TASK TO CARRY OUT:
Starting at the line with "How to get Kitten" and ending at the line with "Помски напала на", print exactly the lines of the entries below. Pictures do not belong in the copy.

MATERIAL PROVIDED:
= Beginning of Section =

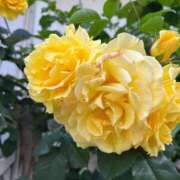 ヒメ日記 2025/10/22 18:42 投稿 咲耶はな 五十路マダムエクスプレス横浜店（カサブランカグループ）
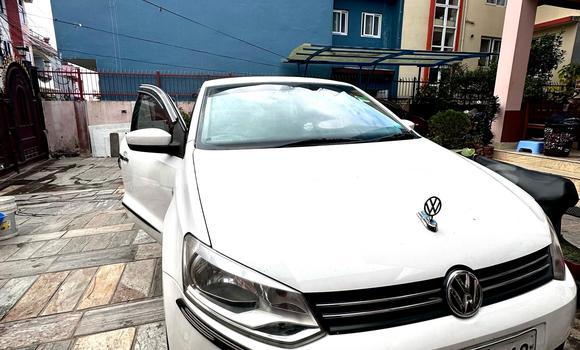 Buy Used Volkswagen Polo White Car in Kathmandu in Bagmati Buy Used Volkswagen Polo White Car in Kathmandu in Bagmati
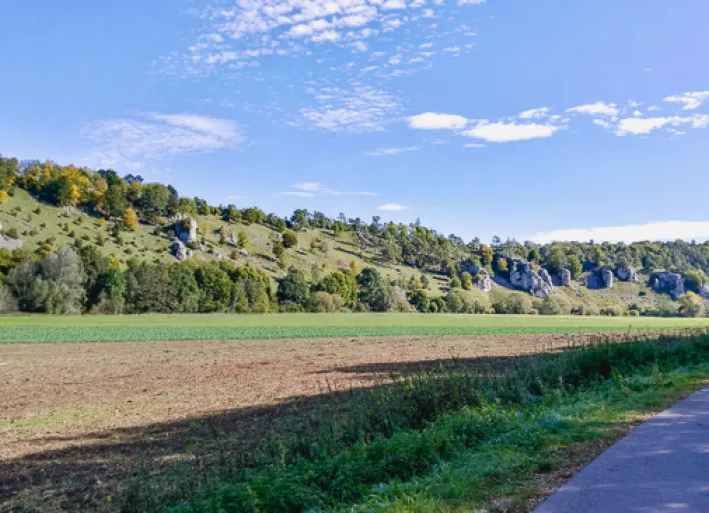 Landscape along the cycle path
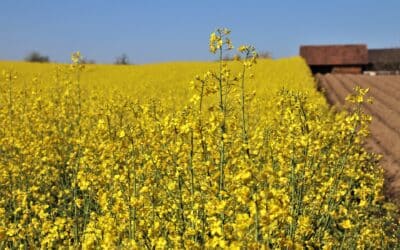 Alberta Farmers to Plant Less Canola Bucking National Trend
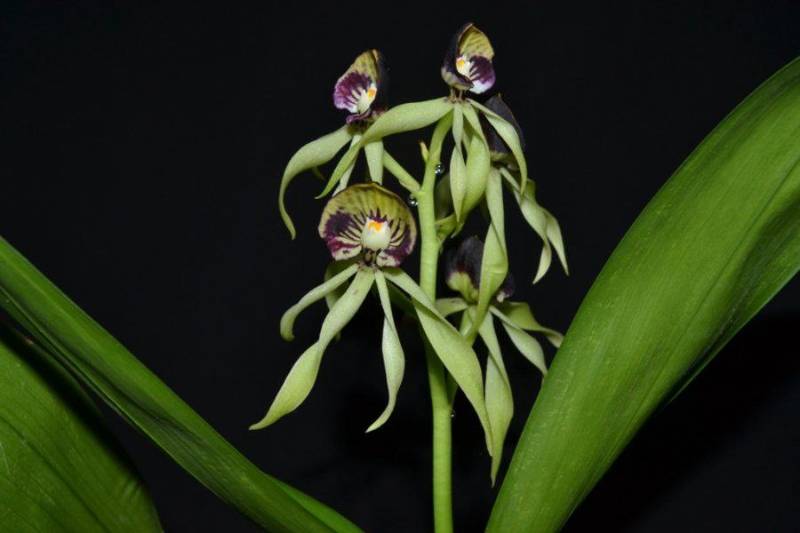 Орхидея FS91 Encyclia cochleata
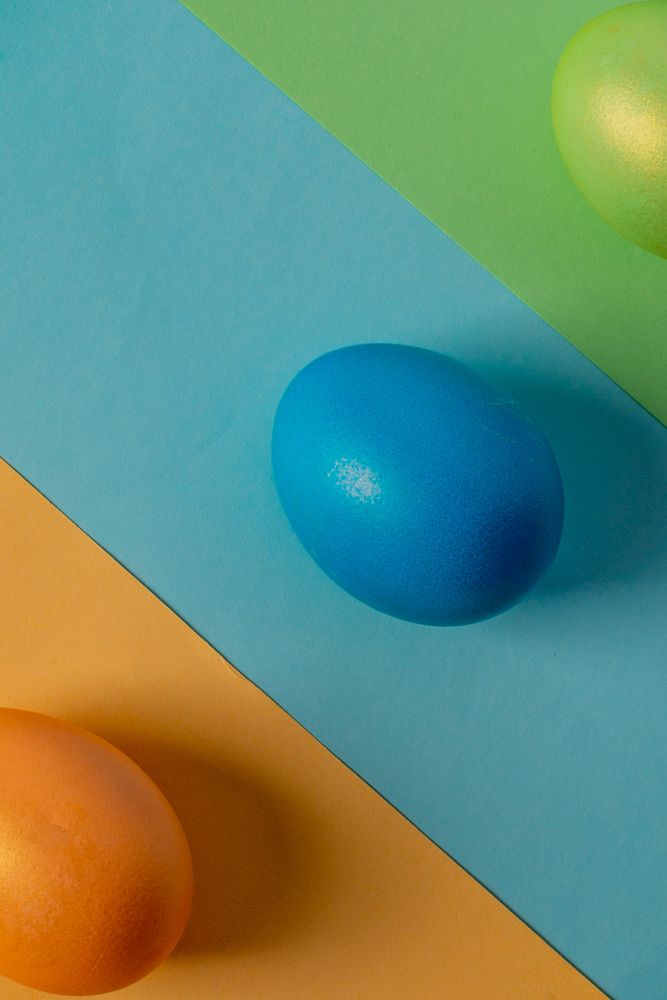 Фотография автора Darina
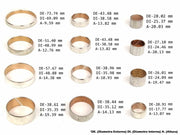 Kit de Bujes (12) 45RFE 5-45RFE 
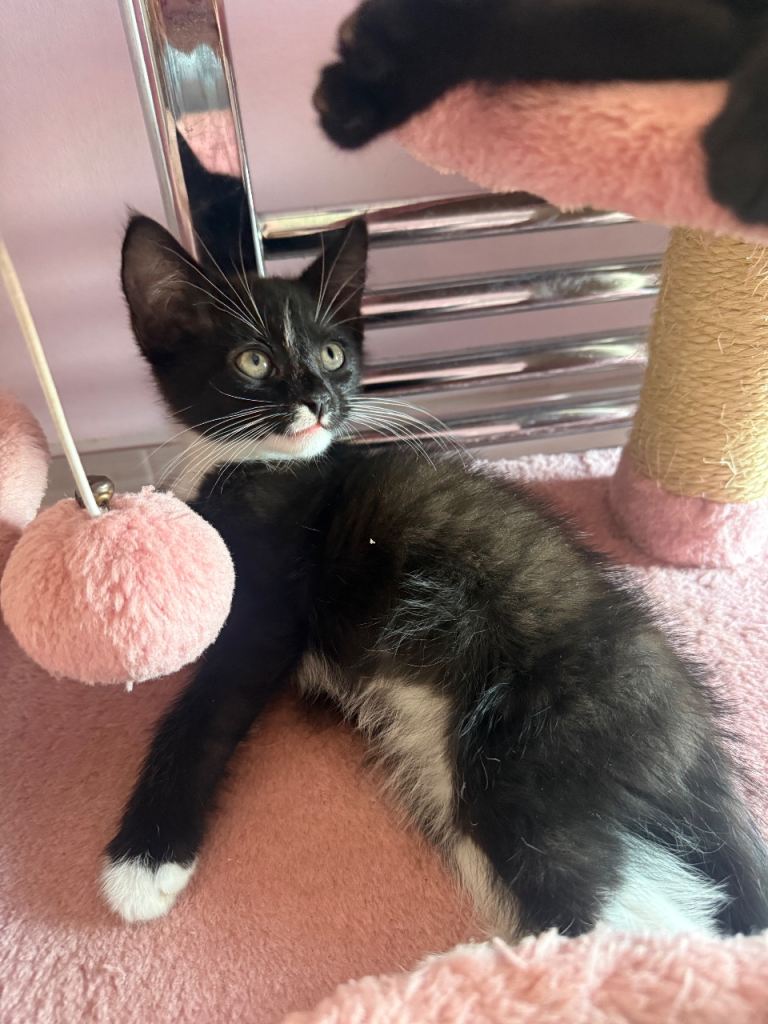 REDUCED  Domestic kittens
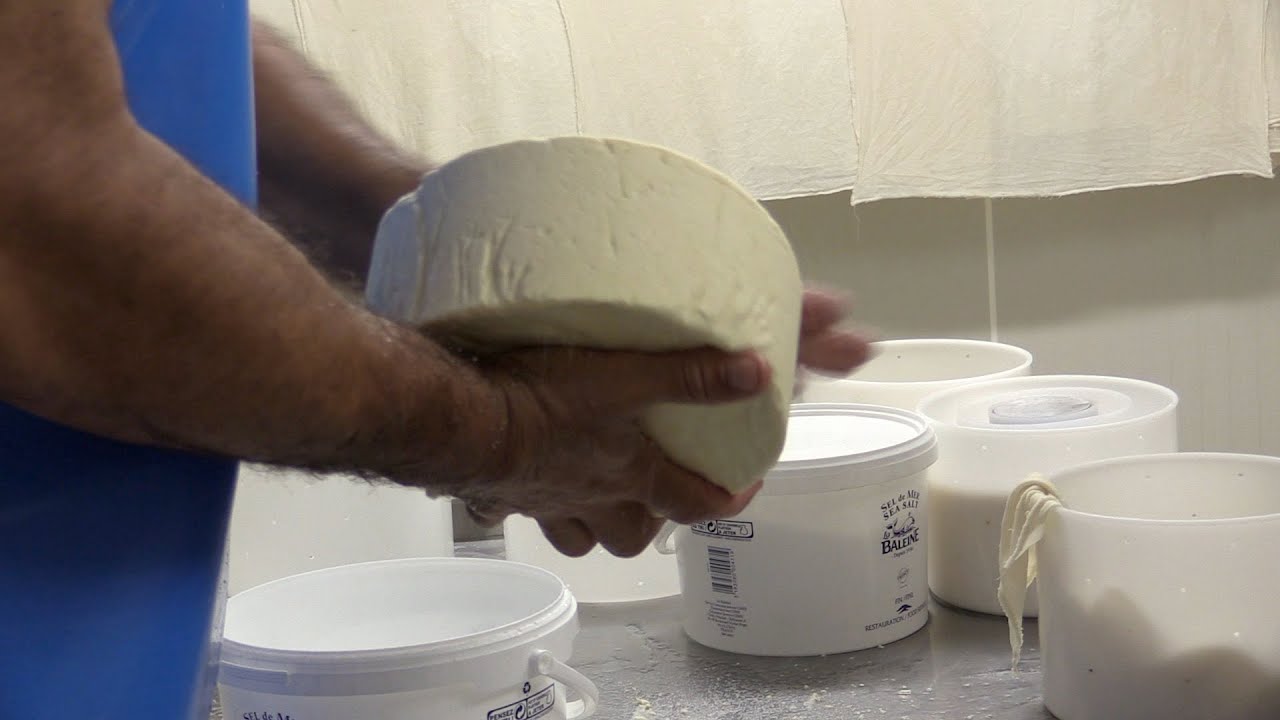 Transformation du lait de vache en briques et tommes chez Patrick Chataing.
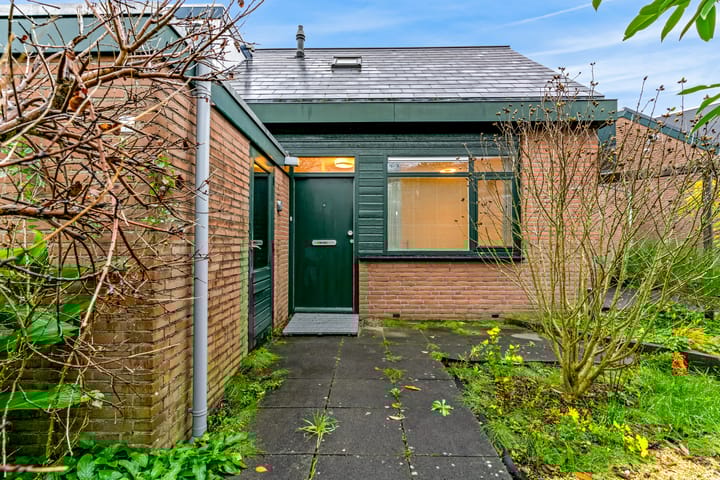 Foto 4 van Boekweitkamp 7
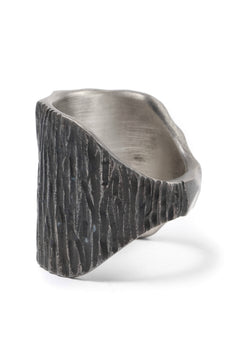 画像をギャラリービューアに読み込む, Node by KUDO SHUJI R-95 RING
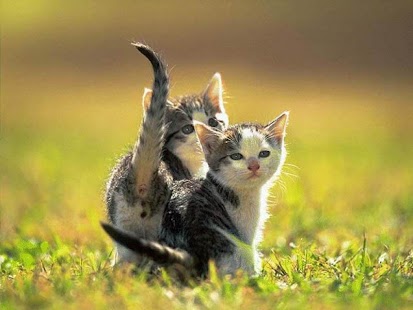 How to get Kitten Wallpapers lastet apk for android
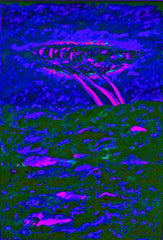 l am the space bite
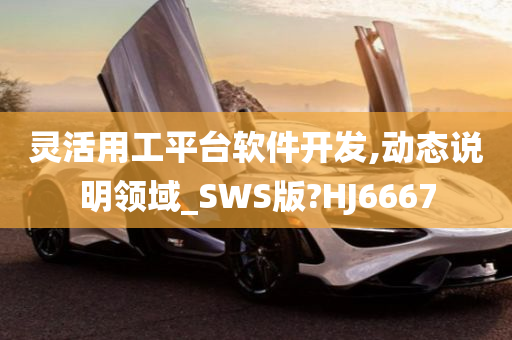 灵活用工平台软件开发,动态说明领域_SWS版?HJ6667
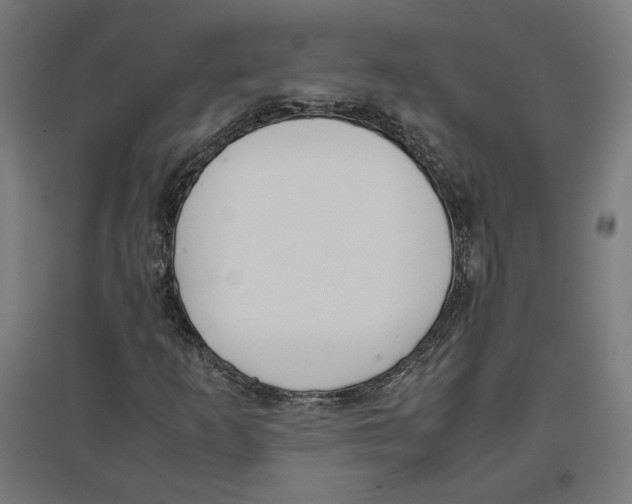 X0000096731253200803041215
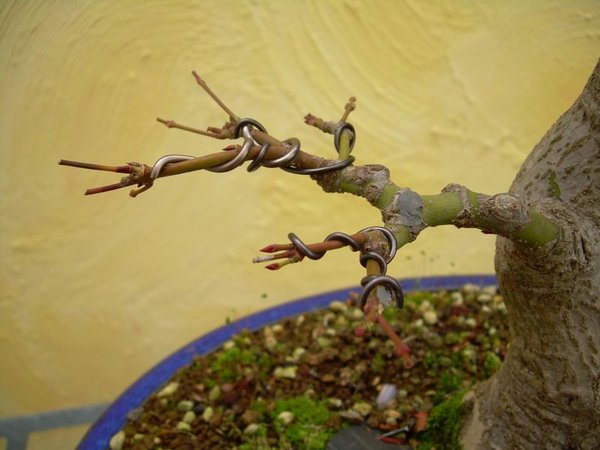 ..und im Herbst 2013
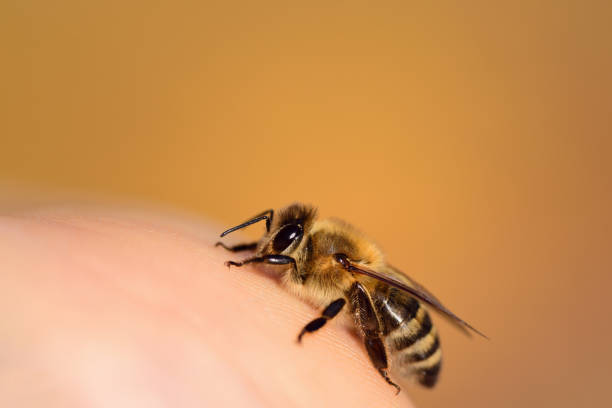 istock Close up of a honey bee on a human hand 1283248042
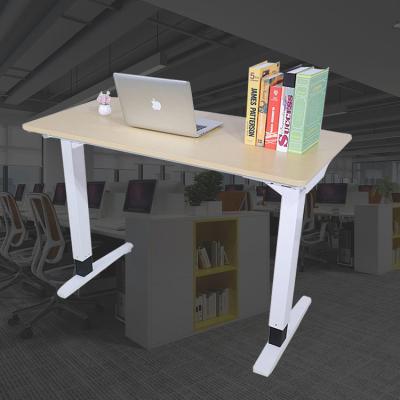 China Cappellini Adjustable Workstation Motorized Lift Desk 120cm*60cm*140cm for sale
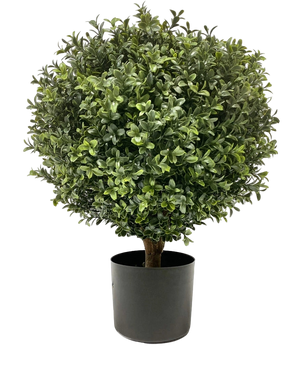 Artificial boxwood on stem d40 cm - Easyplants Artificial Plants & Flowers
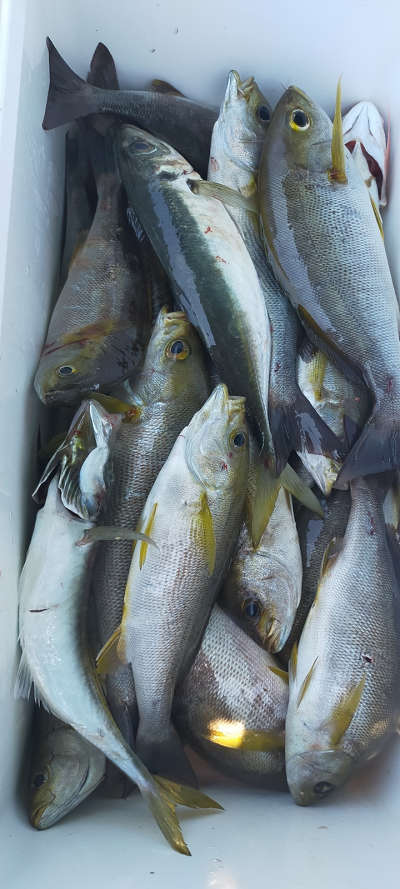 6月釣果です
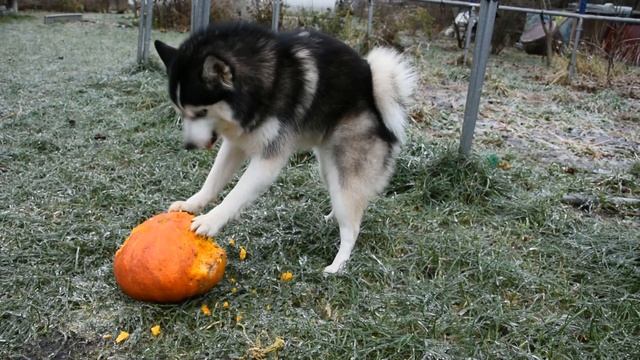 Помски напала на тыкву! Мини Хаски - Pomsky! Смешной пес!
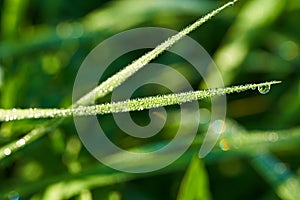 Drops of morning dew on the grass in the sun. Macro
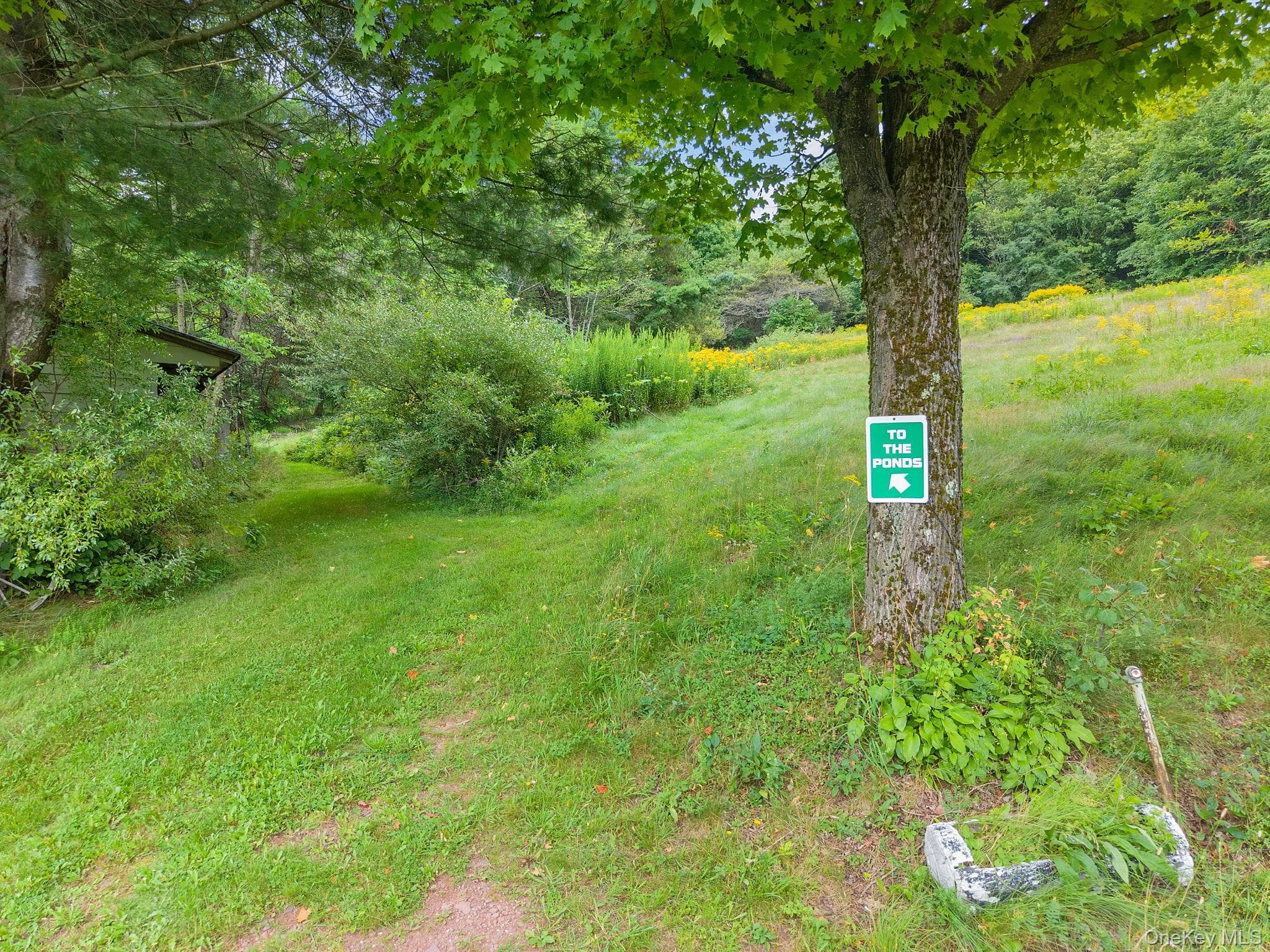 5206 Town Brook Road thumbnail 36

= End of Section =

FINAL ANSWER:
 How to get Kitten Wallpapers lastet apk for android
 l am the space bite
 灵活用工平台软件开发,动态说明领域_SWS版?HJ6667
 X0000096731253200803041215
 ..und im Herbst 2013
 istock Close up of a honey bee on a human hand 1283248042
 China Cappellini Adjustable Workstation Motorized Lift Desk 120cm*60cm*140cm for sale
 Artificial boxwood on stem d40 cm - Easyplants Artificial Plants & Flowers
 6月釣果です
 Помски напала на тыкву! Мини Хаски - Pomsky! Смешной пес!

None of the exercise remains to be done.